Decision Trees

Trees with decision nodes and leaf nodes. Decision nodes ask a question and split the data based on the answer. Leaf nodes are the final nodes that predict the outcome either a class label or a value.

The goal is to create a tree that asks questions that best split the data to make the most accurate predictions.

Need to pick the first question to ask. The question should split the data into subsets that are as pure as possible pure meaning that all the data in the subset belongs to the same class. The measure of purity can be entropy or gini impurity etc. also minimize impurity, also want to minimize the number of questions asked to avoid overfitting. Can also define a max depth. Or when the number of samples in a node is below a certain threshold or the purity didnt improve by a certain threshold.

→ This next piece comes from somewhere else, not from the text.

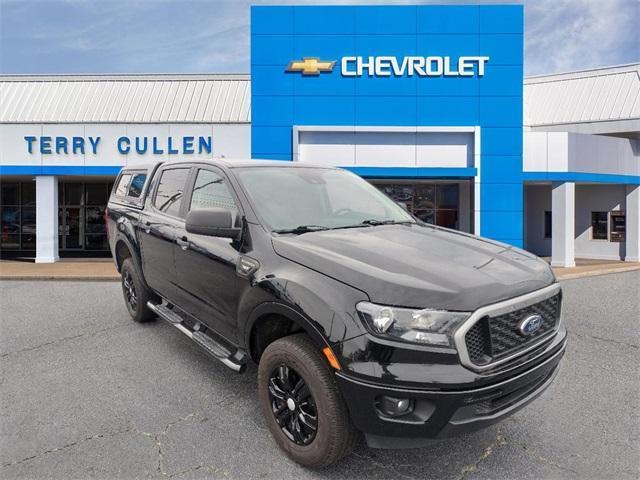 used 2021 Ford Ranger car, priced at $21,200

How does this relate to cross-entropy? Entropy is a measure of impurity in a bunch of examples. It is 0 when all examples are of the same class. It is 1 when the examples are evenly split between classes. if x is 0.5 then the entropy is 1. If x is 0 or 1 then the entropy is 0. Hence the entropy is a measure of impurity. the fomula looks a lot like the log loss function so it is related.

p1 =fraction of examples in class 1, p2 = fraction of examples in class 2, i.e. 1-p1

$Entropy = -p1log2(p1) - p2log2(p2)$

When choosing we want to minimize the entropy. but we also need to normalize it by the number of examples in the node so the entropy is not biased towards nodes with more examples.

So we cant just add the entropys of the 2 branches and average them. We need to weight them by the number of examples in each branch. Does this also matter for binary classification?

Can then calculate the information gain by subtracting the weighted entropy of the branches from the entropy of the parent node. "reductiion entropy" which is like weve never made a split before.

We do recursive splitting until good tree.

if we have categorical features we can split on them. If we have numerical features we can split on them by choosing a threshold and splitting on the threshold. When a categorical feature has many categories, we can use a binary/one-hot encoding to turn it into a numerical feature. k possible values can be encoded as k binary features.

finding the threshold for a numerical feature is a bit more complex. You can sort the values and then try all midpoints between the values. so if you have 3 values you have 2 midpoints.

Using multiple decision trees

one tree can be overfitting i.e very sensitive to small changes in the data. so we can use multiple trees and average their predictions, this is called a Tree Ensemble.

Sampling with replacement is called bootstrapping. We can use bootstrapping to create multiple datasets from the original dataset. We can then train a tree on each dataset.

replacement because a sample gets put back in the dataset after it is picked. So the same sample can be picked multiple times.

Random forest is a tree ensemble where each tree is trained on a different dataset. The predictions are then averaged this uses the wisdom of the crowd to make predictions.

what is difference of bagging and bootstrapping? both seem to do the same.

Random forst can be further randomized to make the trees more different from each other. To avoid always having the same root decision for example.

From n features randomly select k features and then pick the best feature from those k features. k is usually sqrt(n) for classification.

in the random forest when building the dataset all samples have the same probability of being picked. In gradient boosting the probability of being picked is weighted by the error of the previous tree. So we give missclassified samples a higher probability of being picked. This is called boosting.

decsiion trees work great for tabular data structured data. They dont work well for unstructured data like images or text or audio.

small trees can be visualized and interpreted. They can be used for feature selection. They can handle missing values. They can handle categorical and numerical features.

Classification Trees

Can be used for classification, i.e. in the leaves we have the class labels.

Building a Classification Tree

Gini Impurity

Regression Trees

Can be used for regression, i.e. in the leaves we then get a prediction of the target variable. if multiple examples end up in the same leaf we can take the average of the target variable.

Instead of using entropy or gini impurity we can use the variance of the target variable as a measure of impurity. we can then weight the variance of the branches by the number of examples in the branch and subtract the weighted variance of the branches from the variance of the parent node.

Building a Regression Tree

Pruning a Tree

Pruning is a technique to reduce the size of the tree by removing nodes that do not provide much information.

Problems with Decision Trees

They can overfit the data. They are sensitive to small changes in the data. They can create biased trees if some classes dominate. They can't handle unseen data well.